**What is expected**
At the line containing "renier R8 tourer", begin retyping, and continue word for word until the records below run out.

**Input records**

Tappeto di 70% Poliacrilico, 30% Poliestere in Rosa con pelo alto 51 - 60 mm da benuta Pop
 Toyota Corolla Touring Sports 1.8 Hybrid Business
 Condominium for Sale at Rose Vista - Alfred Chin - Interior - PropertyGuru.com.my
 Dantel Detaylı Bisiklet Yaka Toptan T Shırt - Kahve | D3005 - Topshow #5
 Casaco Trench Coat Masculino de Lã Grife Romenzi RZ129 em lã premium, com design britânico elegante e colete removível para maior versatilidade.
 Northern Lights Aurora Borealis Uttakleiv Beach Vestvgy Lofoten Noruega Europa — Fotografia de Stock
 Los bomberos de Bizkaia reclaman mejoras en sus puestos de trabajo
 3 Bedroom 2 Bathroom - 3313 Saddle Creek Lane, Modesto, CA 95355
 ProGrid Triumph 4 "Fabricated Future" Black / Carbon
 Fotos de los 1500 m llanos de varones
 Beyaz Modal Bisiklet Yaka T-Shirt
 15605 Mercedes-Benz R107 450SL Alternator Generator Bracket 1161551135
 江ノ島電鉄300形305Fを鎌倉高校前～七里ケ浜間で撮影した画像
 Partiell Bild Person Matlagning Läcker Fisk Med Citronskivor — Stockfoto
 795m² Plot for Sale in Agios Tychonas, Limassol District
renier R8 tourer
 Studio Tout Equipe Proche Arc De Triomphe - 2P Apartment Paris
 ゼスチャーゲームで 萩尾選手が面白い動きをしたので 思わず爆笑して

**Finished exercise**
renier R8 tourer
 Studio Tout Equipe Proche Arc De Triomphe - 2P Apartment Paris
 ゼスチャーゲームで 萩尾選手が面白い動きをしたので 思わず爆笑して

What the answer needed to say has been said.